## Caption-style text data:

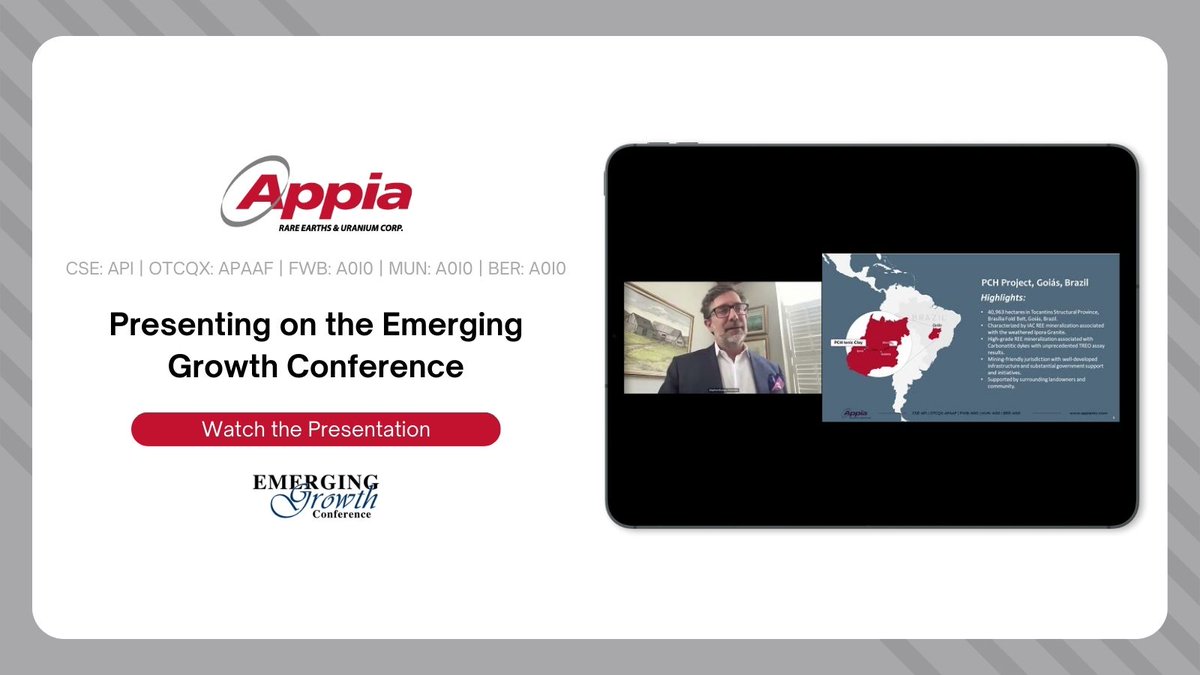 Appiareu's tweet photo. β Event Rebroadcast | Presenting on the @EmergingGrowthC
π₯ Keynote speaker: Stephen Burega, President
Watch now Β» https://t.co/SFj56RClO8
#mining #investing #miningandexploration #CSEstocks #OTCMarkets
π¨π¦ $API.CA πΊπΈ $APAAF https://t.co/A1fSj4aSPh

## Task to complete:
Copy out the data above exactly, except the pictures.

## Written answer:
 Appiareu's tweet photo. β Event Rebroadcast | Presenting on the @EmergingGrowthC
π₯ Keynote speaker: Stephen Burega, President
Watch now Β» https://t.co/SFj56RClO8
#mining #investing #miningandexploration #CSEstocks #OTCMarkets
π¨π¦ $API.CA πΊπΈ $APAAF https://t.co/A1fSj4aSPh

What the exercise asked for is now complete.